The move to force the Treasury to find other buyers for the nation’s burgeoning debt comes even as Fed Chairman Ben S. Bernanke seeks to allay criticism in Congress of the Fed’s secretive ways by holding a first-ever news conference Wednesday to discuss its decisions after a two-day meeting.
The hoopla over the press conference in the run-up to the meeting appeared to overshadow the likely end of the much-criticized program to try to boost the economy by driving down long-term interest rates with Treasury securities purchases.
But analysts say the Fed’s move will trigger a significant reckoning for legislators and an administration that has gone on a debt-financed splurge of spending and tax cuts since 2008.
Euler Hermes economist Daniel C. North said the Fed’s plans are even more foreboding for Congress than the warning legislators got last week from Standard & Poor’s Corp. that the United States could lose its coveted AAA credit rating if it doesn’t move quickly to rein in the budget deficit.
“S&P gave a polite wake-up call. The Fed could trip a fire alarm” by ending its $600 billion of Treasury bond purchases as well as stopping the reinvestment of another $300 billion in maturing mortgage securities into Treasurys, he said.
“That would tell Congress that the market for their debt just got a lot smaller, and that interest rates will continue upward, making it even harder for them to tame the deficit and the debt,” he said.
Investment analyst Peter Leeds, who writes a penny-stocks newsletter, said he doubts the Fed will go through with its plans to end the program in June because too much is at stake for Congress and the economy.

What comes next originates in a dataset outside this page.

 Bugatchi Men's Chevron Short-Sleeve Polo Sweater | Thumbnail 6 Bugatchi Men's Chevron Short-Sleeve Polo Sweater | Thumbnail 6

“United States is broke. The last budget was paid for with 75 percent brand new U.S. dollars” churned out by the Fed to purchase the government’s debt, he said. “In my opinion, the Fed will continue [the bond-buying program], because when they stop, it could derail the whole system.”

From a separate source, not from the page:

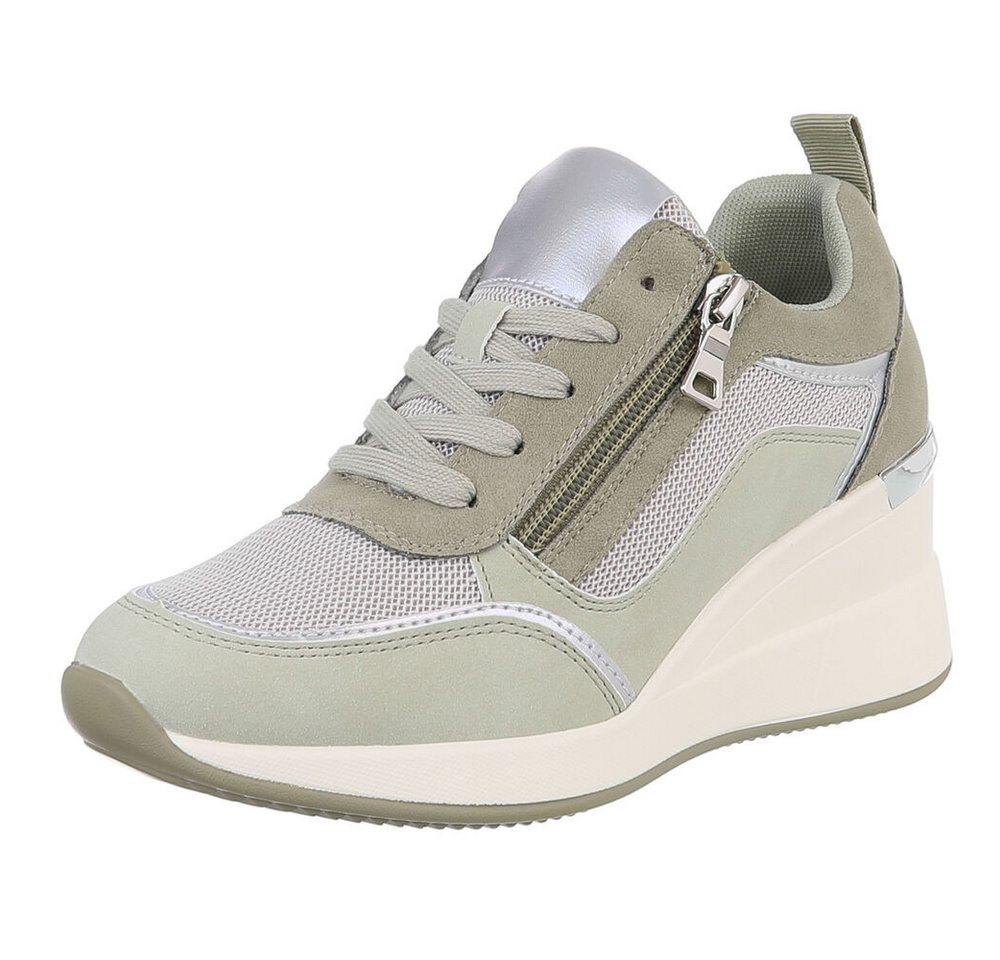 Ital-Design Damen Low-Top Freizeit Sneaker (88577362) Keilabsatz/Wedge Sneakers Low in Hellgrün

Wall Street stocks would be hit hard by the end of the program, which has provided a lot of newly minted cash for investors to bid up stock prices. But the U.S. dollar likely would rally as global investors applauded the shutdown of the Fed’s dollar-printing press, he said.
With the dollar touching new lows against other currencies in recent days, causing a surge in the price of oil and other imported goods and commodities, the dollar may need the boost, Mr. Leeds said.
But the price of the Fed’s action would be to “shock and potentially derail the recovering economy.”
Jeffrey Kleintop, chief market strategist at LPL Financial, also thinks the Fed will put off announcing the end of the program until its next meeting in June, out of lingering concern about the economy and financial markets.
Paul Robinson, an analyst at Barclays Capital, said the end of the bond-purchasing program comes as no surprise to the markets, and he doesn’t expect the Treasury to have that much trouble finding buyers once the Fed exits the market.
“The markets have limited reason to worry” because U.S. banks and foreign buyers continue to show a strong interest in purchasing Treasurys, he said.